--- Material for this task Enclosed Below ---

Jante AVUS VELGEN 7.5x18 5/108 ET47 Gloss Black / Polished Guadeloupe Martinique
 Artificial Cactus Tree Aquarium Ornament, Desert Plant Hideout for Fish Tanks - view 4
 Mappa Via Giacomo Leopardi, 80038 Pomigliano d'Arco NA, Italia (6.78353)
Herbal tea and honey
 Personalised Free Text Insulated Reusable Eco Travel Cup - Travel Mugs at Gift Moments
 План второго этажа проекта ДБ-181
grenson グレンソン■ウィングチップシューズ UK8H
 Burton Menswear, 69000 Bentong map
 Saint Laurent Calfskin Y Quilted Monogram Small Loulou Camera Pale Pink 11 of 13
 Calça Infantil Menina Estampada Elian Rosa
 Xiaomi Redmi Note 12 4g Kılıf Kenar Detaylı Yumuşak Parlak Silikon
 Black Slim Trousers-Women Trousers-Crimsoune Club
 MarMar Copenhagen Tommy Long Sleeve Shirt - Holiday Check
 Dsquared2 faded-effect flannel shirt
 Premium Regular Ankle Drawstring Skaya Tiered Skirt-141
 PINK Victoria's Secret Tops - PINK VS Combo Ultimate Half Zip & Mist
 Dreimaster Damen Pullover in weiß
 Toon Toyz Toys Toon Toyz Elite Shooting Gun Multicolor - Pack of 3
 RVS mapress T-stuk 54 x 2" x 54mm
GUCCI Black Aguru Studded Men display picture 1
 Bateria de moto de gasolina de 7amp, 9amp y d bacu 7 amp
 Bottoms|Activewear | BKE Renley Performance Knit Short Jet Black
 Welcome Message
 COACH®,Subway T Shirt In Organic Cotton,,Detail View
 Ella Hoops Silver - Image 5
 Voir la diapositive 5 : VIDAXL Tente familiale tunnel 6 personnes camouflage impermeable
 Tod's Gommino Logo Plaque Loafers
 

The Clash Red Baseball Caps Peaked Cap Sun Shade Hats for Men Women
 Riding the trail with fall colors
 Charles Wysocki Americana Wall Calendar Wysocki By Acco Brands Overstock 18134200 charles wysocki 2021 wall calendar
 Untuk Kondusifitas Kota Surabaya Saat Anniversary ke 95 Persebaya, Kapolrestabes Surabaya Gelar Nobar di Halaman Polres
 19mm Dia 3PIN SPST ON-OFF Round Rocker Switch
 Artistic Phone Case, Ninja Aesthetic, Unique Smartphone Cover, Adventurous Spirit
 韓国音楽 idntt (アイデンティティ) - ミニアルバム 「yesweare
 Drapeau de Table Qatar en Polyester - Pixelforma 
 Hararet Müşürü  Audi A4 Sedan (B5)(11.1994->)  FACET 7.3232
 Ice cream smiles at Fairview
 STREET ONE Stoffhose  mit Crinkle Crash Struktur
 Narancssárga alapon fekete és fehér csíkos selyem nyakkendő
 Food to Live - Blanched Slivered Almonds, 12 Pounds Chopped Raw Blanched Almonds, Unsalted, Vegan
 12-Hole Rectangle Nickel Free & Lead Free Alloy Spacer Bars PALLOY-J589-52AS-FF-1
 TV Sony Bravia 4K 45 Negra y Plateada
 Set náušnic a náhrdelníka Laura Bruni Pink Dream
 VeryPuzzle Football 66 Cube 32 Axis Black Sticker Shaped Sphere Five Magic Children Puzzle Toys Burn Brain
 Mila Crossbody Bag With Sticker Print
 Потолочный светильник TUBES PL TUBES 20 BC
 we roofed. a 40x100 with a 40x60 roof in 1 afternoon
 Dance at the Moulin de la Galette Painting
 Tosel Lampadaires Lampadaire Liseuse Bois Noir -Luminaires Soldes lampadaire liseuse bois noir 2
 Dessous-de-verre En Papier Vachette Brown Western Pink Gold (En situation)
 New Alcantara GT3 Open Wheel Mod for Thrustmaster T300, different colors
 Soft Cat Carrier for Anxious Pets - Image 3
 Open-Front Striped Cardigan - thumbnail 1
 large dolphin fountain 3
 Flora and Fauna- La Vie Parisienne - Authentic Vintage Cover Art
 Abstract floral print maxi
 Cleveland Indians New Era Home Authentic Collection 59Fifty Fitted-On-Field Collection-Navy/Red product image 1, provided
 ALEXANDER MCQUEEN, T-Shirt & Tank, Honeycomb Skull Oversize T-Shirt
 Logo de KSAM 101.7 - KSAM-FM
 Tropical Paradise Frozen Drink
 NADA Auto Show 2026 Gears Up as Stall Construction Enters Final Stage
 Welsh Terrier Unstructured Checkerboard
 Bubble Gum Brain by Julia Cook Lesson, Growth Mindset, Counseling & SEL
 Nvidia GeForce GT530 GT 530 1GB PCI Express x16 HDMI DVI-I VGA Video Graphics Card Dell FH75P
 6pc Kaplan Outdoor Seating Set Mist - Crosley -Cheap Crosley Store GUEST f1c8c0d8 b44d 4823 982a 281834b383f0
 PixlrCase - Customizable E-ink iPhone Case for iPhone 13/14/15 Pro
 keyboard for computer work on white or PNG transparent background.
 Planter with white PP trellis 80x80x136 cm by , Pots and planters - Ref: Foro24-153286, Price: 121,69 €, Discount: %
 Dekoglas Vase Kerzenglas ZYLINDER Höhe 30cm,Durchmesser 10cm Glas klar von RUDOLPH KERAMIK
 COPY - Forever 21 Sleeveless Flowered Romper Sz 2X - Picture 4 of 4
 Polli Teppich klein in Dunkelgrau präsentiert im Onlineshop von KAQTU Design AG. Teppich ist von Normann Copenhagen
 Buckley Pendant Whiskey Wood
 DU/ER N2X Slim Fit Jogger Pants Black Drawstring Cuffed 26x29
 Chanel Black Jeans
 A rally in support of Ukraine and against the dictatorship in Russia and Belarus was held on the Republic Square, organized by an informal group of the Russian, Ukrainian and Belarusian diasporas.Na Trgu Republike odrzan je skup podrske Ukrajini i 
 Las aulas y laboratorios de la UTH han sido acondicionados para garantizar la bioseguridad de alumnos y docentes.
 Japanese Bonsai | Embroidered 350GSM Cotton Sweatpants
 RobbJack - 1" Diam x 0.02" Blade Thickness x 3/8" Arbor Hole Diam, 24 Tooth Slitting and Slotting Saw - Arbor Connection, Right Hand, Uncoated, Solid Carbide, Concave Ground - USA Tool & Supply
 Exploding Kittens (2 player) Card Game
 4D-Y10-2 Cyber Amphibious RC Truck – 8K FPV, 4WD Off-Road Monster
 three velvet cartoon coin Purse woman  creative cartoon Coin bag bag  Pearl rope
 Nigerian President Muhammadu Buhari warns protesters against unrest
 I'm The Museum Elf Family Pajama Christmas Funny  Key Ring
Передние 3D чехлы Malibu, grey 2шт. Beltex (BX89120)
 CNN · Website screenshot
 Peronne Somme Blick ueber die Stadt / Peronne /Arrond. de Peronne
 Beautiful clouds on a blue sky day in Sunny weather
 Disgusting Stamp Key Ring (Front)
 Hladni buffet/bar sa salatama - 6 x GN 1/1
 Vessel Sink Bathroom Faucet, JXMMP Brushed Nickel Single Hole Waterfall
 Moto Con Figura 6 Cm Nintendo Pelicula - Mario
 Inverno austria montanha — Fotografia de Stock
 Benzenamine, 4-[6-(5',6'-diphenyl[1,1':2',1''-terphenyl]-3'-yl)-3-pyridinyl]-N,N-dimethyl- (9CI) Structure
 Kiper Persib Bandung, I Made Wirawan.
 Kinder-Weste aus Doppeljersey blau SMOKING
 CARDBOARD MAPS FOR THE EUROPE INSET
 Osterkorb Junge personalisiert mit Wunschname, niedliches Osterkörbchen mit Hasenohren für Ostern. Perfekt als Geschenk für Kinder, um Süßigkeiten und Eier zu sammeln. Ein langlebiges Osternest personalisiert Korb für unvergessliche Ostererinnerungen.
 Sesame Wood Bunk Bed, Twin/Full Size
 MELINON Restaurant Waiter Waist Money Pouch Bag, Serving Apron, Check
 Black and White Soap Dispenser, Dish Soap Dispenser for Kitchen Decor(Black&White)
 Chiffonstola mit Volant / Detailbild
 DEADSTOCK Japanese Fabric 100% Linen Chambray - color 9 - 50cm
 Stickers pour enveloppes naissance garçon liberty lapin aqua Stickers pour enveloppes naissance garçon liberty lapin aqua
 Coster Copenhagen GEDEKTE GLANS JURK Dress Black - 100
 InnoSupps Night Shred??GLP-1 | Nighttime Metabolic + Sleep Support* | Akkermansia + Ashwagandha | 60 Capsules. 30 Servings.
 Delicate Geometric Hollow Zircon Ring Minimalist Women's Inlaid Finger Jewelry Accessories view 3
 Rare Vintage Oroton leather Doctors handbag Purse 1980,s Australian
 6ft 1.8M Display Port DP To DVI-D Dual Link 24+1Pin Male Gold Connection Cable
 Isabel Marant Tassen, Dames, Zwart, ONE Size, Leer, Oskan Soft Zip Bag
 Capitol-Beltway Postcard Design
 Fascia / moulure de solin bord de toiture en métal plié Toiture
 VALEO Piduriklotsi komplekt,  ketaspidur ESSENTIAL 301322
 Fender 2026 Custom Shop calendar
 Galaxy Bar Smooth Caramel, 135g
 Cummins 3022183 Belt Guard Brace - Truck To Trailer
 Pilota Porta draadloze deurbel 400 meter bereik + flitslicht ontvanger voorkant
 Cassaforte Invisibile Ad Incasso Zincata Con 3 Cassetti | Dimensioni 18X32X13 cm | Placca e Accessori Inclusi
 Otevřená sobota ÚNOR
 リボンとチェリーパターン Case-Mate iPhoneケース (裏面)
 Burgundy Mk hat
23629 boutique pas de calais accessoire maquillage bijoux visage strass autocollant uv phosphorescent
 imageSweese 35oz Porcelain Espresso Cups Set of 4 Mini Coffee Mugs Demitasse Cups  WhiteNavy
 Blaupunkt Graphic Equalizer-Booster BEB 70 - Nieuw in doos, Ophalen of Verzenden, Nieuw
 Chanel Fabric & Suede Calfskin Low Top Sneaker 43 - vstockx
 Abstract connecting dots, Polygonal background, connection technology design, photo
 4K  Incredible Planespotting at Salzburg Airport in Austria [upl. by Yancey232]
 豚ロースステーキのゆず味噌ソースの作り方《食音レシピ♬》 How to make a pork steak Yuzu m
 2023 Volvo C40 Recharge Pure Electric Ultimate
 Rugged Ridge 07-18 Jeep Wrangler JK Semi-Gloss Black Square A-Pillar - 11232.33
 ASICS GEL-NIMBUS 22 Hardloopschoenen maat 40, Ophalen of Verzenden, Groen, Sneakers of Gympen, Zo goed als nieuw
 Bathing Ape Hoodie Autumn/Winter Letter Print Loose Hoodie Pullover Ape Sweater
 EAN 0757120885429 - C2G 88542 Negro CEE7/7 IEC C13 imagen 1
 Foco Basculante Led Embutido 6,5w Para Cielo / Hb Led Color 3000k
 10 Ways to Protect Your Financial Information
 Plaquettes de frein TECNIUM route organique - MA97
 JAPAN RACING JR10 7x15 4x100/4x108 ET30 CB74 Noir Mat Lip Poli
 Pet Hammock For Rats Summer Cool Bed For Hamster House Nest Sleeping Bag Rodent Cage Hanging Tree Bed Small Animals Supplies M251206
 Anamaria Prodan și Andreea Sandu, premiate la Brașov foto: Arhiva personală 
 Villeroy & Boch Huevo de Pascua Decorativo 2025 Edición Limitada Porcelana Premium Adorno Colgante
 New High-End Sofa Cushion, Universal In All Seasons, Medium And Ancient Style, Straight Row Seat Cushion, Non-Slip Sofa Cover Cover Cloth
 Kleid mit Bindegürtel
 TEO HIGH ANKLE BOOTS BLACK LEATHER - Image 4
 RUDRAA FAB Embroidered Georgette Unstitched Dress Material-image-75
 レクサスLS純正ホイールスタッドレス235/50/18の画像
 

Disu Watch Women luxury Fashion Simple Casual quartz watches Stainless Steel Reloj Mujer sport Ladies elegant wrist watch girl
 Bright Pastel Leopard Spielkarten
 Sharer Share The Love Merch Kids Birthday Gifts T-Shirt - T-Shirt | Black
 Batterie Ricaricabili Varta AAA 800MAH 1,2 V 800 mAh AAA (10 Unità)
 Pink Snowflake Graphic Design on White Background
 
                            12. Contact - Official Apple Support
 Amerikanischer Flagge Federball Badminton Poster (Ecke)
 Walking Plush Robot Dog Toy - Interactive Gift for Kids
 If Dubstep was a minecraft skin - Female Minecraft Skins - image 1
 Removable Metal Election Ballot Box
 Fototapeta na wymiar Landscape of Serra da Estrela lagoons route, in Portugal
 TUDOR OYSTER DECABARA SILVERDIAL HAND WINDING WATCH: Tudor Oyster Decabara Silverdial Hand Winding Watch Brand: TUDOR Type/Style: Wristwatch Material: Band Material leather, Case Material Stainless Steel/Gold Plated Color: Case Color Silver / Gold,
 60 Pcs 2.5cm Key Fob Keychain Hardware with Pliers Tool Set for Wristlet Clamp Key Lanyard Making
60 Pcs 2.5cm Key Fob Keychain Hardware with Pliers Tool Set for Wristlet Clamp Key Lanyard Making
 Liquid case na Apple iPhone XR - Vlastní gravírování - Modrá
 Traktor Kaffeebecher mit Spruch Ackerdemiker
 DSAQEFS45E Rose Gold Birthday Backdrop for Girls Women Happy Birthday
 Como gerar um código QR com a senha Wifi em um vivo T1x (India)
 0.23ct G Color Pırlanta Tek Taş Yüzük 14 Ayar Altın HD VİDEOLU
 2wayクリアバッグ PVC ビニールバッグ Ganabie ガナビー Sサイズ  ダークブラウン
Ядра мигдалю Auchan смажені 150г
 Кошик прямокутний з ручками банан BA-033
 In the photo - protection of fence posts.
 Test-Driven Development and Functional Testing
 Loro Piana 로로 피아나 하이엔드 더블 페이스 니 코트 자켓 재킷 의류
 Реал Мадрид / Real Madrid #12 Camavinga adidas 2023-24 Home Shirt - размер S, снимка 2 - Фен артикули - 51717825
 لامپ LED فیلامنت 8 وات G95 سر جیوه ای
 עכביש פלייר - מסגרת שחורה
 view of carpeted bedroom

--- End of Enclosed Material for this task ---

● **How to complete this task**
Every line that holds the word "Slim" should be copied from the records above.

● **Response to this exercise**
 Black Slim Trousers-Women Trousers-Crimsoune Club
 DU/ER N2X Slim Fit Jogger Pants Black Drawstring Cuffed 26x29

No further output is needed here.